§ **Material provided**:
○ ○ ○ ○
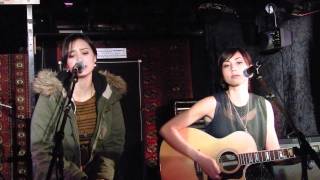 Dia & Meg Frampton - Love Is (Live @ Cafe Wha?)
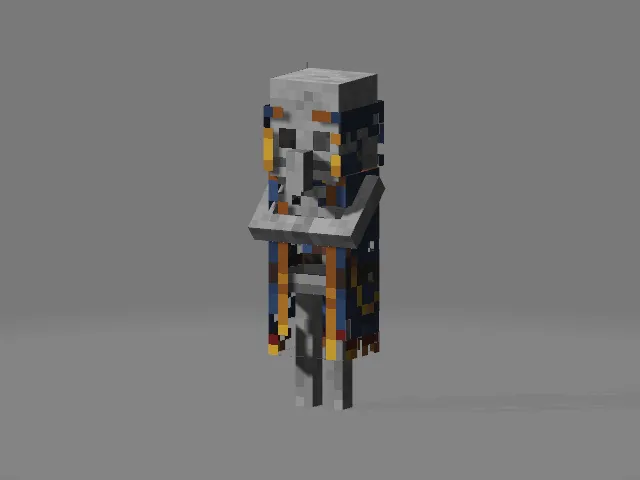 Скелетный странствующий торговец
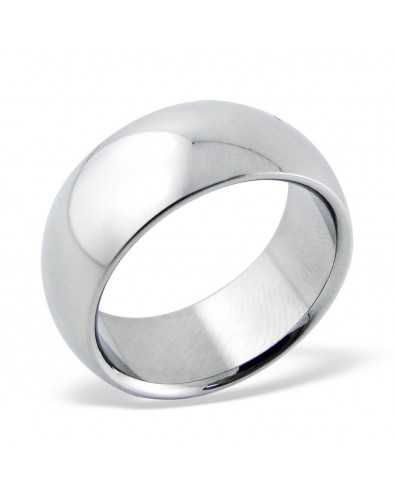 My-jewelry - H16683 - Ring mirror stainless steel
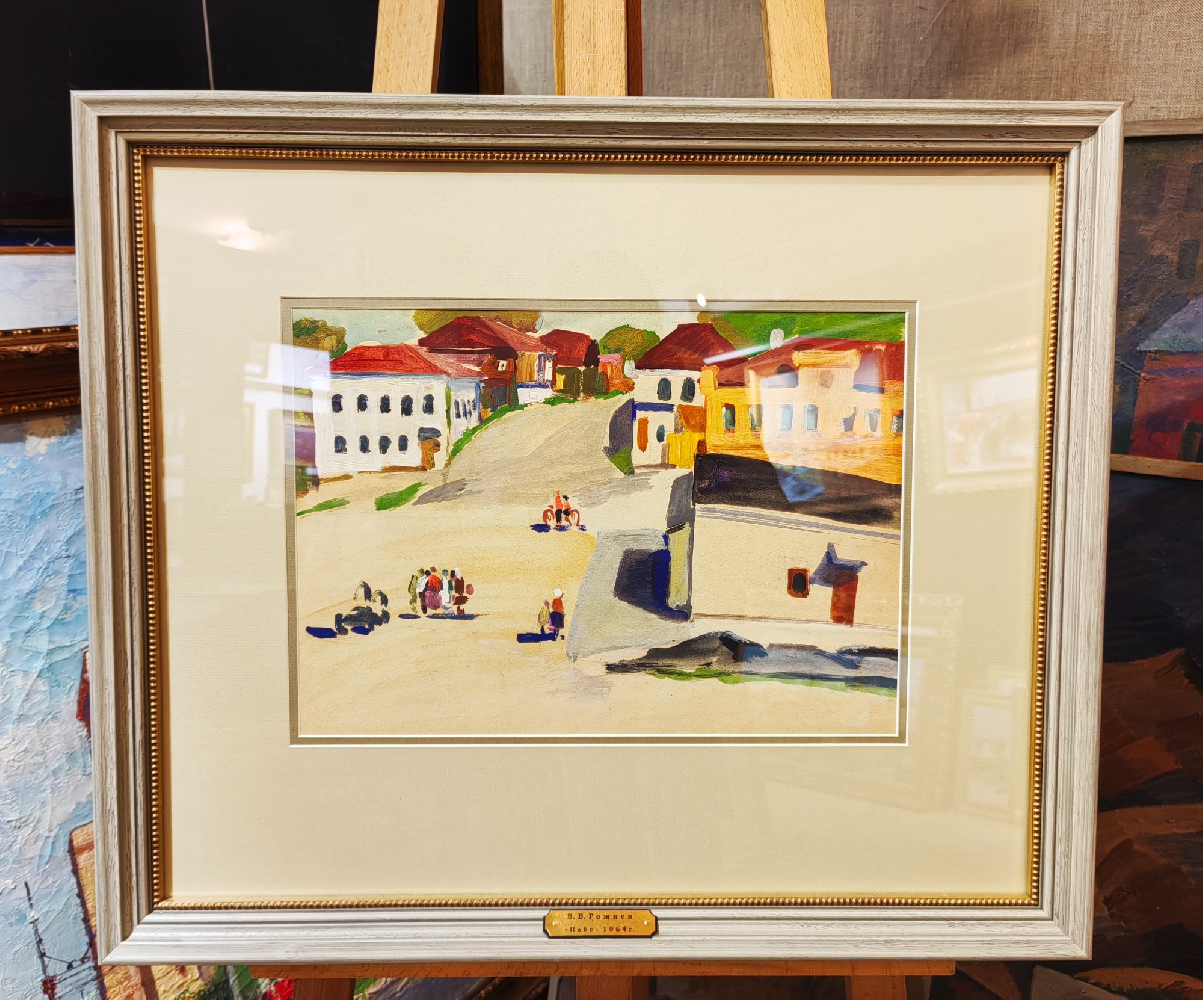 Рожнев Владислав Валентинович. Плёс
○ ○ ○ ○
§ **Problem requirements**:
Write out every line of the listing exactly as written, and leave the pictures out.

§ **Written answer**:
 Dia & Meg Frampton - Love Is (Live @ Cafe Wha?)
 Скелетный странствующий торговец
 My-jewelry - H16683 - Ring mirror stainless steel
 Рожнев Владислав Валентинович. Плёс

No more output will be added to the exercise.